Microsoft Corp. and Yahoo Inc.'s move to make their instant messaging programs work together comes just as the popular communications tool is beginning to expand into such fields as video chatting and Internet telephone functions.

But for now at least, the two companies said their partnership announced Wednesday will focus on traditional instant messaging, allowing people with either system to send lightning-fast messages to each other. That is expected to be in place by June 2006.

Eventually, the companies said, they hope to be able to let users make computer-to-computer phone calls as well, but they couldn't say when that would happen.

The partnership could give the companies more power to compete against market leader America Online and perhaps dark horse Google Inc., which launched its own service, Google Talk, in September. In the long run, it may also provide a way to battle companies like Skype Technologies SA, the Internet phone provider being acquired by eBay Inc.

Yahoo Chief Executive Terry Semel called it "a turning point for the IM industry," which has taken years to work out ways for users of rival services to connect to each other.

The companies did not disclose financial terms.

The Yahoo-Microsoft partnership gives the companies nearly as many U.S. users combined as AOL has in total.

Analysts said the move could put pressure on Time Warner Inc.'s AOL, the most popular service.

"Up until now, AOL has been able to pick and choose its partners, command the royalties it wants," said Robert Mahowald, an analyst with research firm IDC. "They've moved to develop this market at their own pace. This forces them to take a more aggressive stance."

AOL's instant-messaging product, AIM, had 51.5 million unique U.S. users in September, compared with about 27.3 million for MSN Messenger and 21.9 million for Yahoo's Messenger, according to Nielsen/NetRatings.

Instant-messaging services are popular with business users, teens and others because they let people communicate quickly and easily over the Internet, much like a regular conversation. The systems are only expected to grow more popular as they add more sophisticated tools, such as the ability to place calls or have video chats.

Other instant messaging products, such as Trillian, allow people to send and receive messages from multiple IM services.

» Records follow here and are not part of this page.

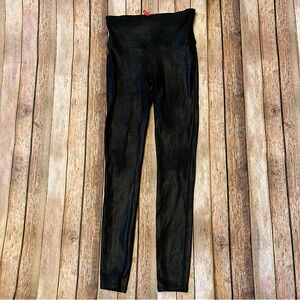 SPANX Black Faux Leather Leggings Women’s Size Medium Mid Rise Preowned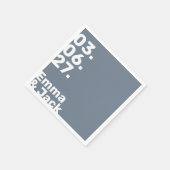 Modernes Schiefer Blau minimales vertikales Datum  Serviette (Ecke)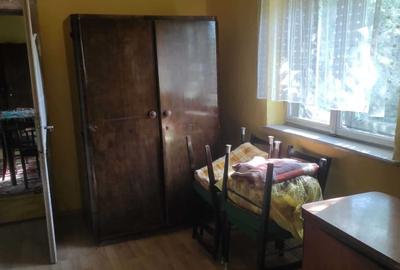 Casă cu 3 camere în Central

But none of the top instant messaging systems have communicated directly with each other until now, though promises of "interoperability" have been made for some time. Yahoo, based in Sunnyvale, Calif., and Redmond, Wash.-based Microsoft said that it's one of the top things customers ask for.

Dan Rosensweig, chief operating officer with Yahoo, said in a conference call with analysts and journalists that the deal is the culmination of discussions that have been ongoing "for years."

"IM interoperability is the right thing for our customers, our businesses and the industry as a whole, and Microsoft is delighted to help lead these efforts with Yahoo," Microsoft Chief Executive Steve Ballmer said in the release.

Microsoft has long sought to forge some sort of deal to boost the profile of MSN Messenger. The company also has been in talks with AOL over possible partnerships with Microsoft's MSN online unit, although it's not clear where those talks stand now. Blake Irving, corporate vice president with MSN, would not comment Wednesday on any possible discussions with AOL.

"I think what's really pushing this is Microsoft's ability to see that it's long been playing cat and mouse with AIM and ICQ (another AOL instant messaging service)," Mahowald said. "Microsoft needs to stake its presence in a big way."

Microsoft already has a product that lets business users send and receive messages from Yahoo, AOL and Microsoft's instant messaging systems, but the product does not extend to general consumers.